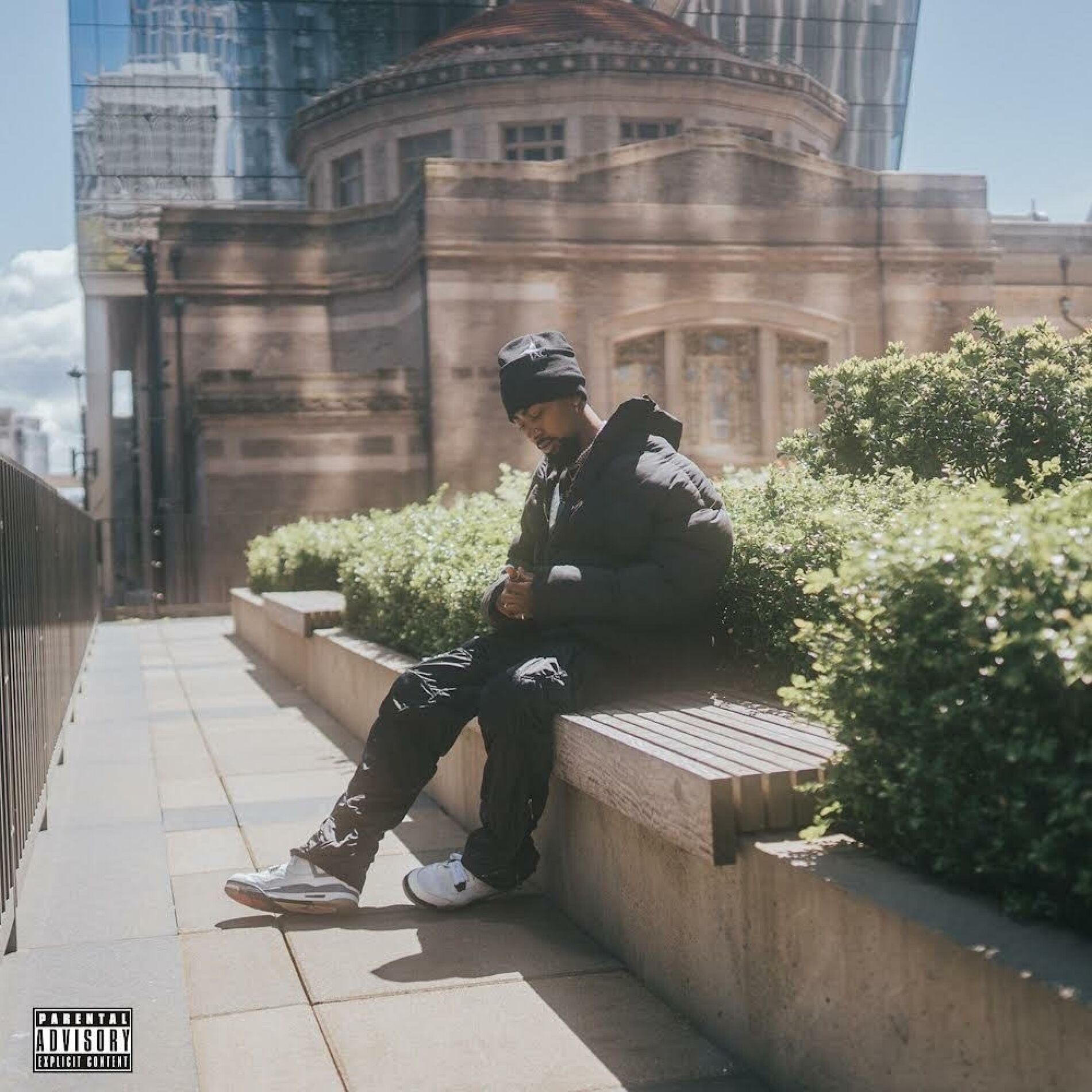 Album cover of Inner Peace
...
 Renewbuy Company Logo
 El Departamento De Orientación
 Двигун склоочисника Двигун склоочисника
==
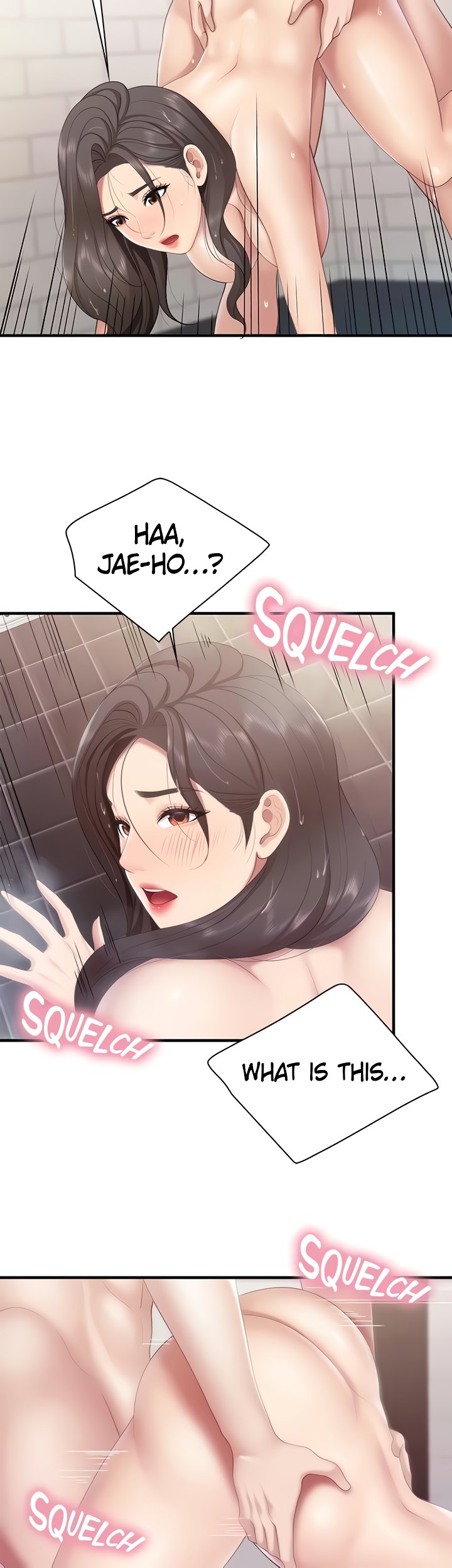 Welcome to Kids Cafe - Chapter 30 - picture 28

§ **How to complete this task**: Keeping every character as it is, restate the lines above that run from the line with "El Departamento De Orientación" through the line with "Двигун склоочисника Двигун склоочисника", both included, and nothing else.

§ **Exercise response**:
 El Departamento De Orientación
 Двигун склоочисника Двигун склоочисника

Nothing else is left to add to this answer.